Ingredients for Homemade Garlic Butter Breadsticks in bowls on a table.
  • Warm Water - Warm water is crucial for this recipe. Cold water won't allow the yeast to activate and if the water is too hot, it will kill the yeast. The water should be between 90F - 110F.
  • Instant Yeast - I prefer to use instant yeast because I can tell really quickly if the yeast is fermenting.
  • Granulated Sugar - The sugar is mixed with the warm water to activate the yeast.
  • Salt - Helps to boost the flavor and it strengthens the dough.
  • Olive Oil - Keeps the dough from drying out.
  • Bread Flour - Bread flour has a higher protein content than other flours and the higher protein helps to dough to create gluten and the chewiness that's characteristic of bread.
  • Butter - Butter is melted and then brushed onto the breadsticks right after they come out of the oven.
  • Garlic Powder and Salt - Sprinkled on top of the melted butter.

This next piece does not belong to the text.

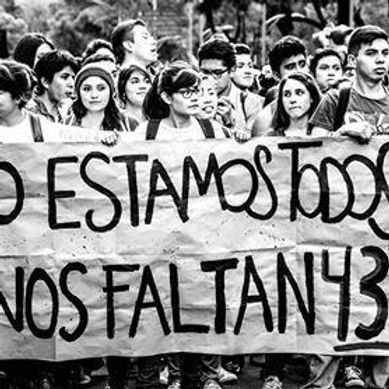 ayotzinapa_edited.jpg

See recipe card for quantities.

Instructions

Yeast mixture is foaming in a small bowl.

Mix together warm water, yeast and sugar in a small bowl. Let this mixture sit for 5 - 10 minutes. It will look foamy once the yeast has activated. This step is crucial for this recipe. If your mixture is not foamy, the yeast has not been activated.

Adding olive oil, salt and flour to the yeast mixture in a large bowl of a stand mixer.

Pour yeast mixture into a large bowl. Add salt, olive oil and flour. It's important to measure the flour by spooning it into the measuring cup because flour gets compacted when it sits in the bag or container. If you scoop the flour with the measuring cup it will stay compacted and you will add too much flour. Use a knife to level the flour.

Dough ball in a large bowl of a stand mixer.

Using a dough hook on a stand mixer, mix together for 3-5 minutes. The dough should be tacky and slightly sticky to touch. It should not be so sticky that it stays on your hands when you touch it. If the dough is too sticky add a pinch of flour. Only add one pinch at a time because adding too much flour will dry out the dough. Be sure to mix thoroughly between additions if you add more flour. If the dough is too dry, add a teaspoon of water and mix thoroughly. The end result should be a slightly sticky dough.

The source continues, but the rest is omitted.